The company, which is listed in Hong Kong, Paris and Moscow, yesterday posted third-quarter earnings before interest, taxes, depreciation and amortisation (ebitda) of US$705 million, 25 per cent higher year on year. Net profit jumped to US$432 million from US$29 million. It included profits and losses related to fixed-assets impairment and financial derivative contracts.
'Cost savings on power, corporate overheads and distribution contributed to the better than expected results,' said CLSA head of resources research Andrew Driscoll.
'The challenge is that the 14 per cent decline in current aluminium prices from the third quarter's average would weigh on margins in the fourth quarter.'
London Metal Exchange three-month aluminium futures fell to around US$2,162 a tonne yesterday from a high of US$2,803 in late April.

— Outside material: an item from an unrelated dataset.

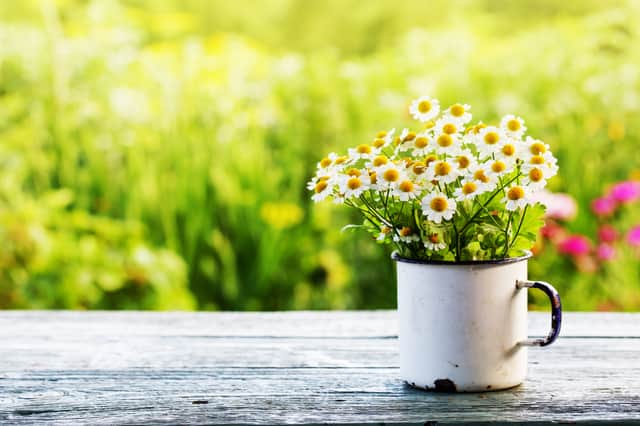 With the nights getting lighter and the weather getting a little milder, Spring is just around the corner (Photo: Shutterstock)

Driscoll estimated Rusal's fourth-quarter ebitda margin would tumble to mid-teen percentages from 22.3 per cent in the third quarter, even as its electricity cost - partly linked to aluminium prices with a three-month time lag - is expected to continue to fall after a 6 per cent drop in the third quarter from the second quarter.
He said he expected margins to improve next year on the back of firmer aluminium prices and lower industry supply.
'Prices will be flattish with limited downside since a quarter of the world's aluminium-smelting capacity is making losses at current prices,' he said. 'Power shortages and deteriorating industry economics will see lower output from China, which accounts for 40 per cent of global smelting capacity.'
Power accounts for roughly 40 per cent of mainland smelters' operating costs, compared with 28 per cent of Rusal's, which is among the world's lowest-cost producers thanks to abundant and cheap hydro electricity in Siberia.
Analysts expect mainland power prices to go up as soon as consumer price inflation falls back to 5 per cent or lower within the next few months, since power generators have suffered widespread losses amid stubbornly high coal prices. Rising power prices will increase smelters' costs.
Global aluminium production may drop by 10 to 12 per cent - mostly due to cuts in China, Europe and the United States - in the first half of next year if prices maintain at current levels, Bloomberg quoted Rusal first deputy chief executive officer Vladislav Soloviev as saying in Moscow.
Chief financial officer Evgeny Kornilov yesterday told Hong Kong reporters that Rusal would consider acquiring rivals amid the current market downturn - the second in three years - although he said the company's priority was completing two existing smelter projects and one hydropower project.
Its target was to cut net debt-to-ebitda ratio to 3 from around 3.75 currently. Rusal's board had not proposed paying an interim dividend despite a recent debt restructuring unfreezing a dividend ban, as it preferred to pay down its debt amid the global financial market turmoil, Kornilov added.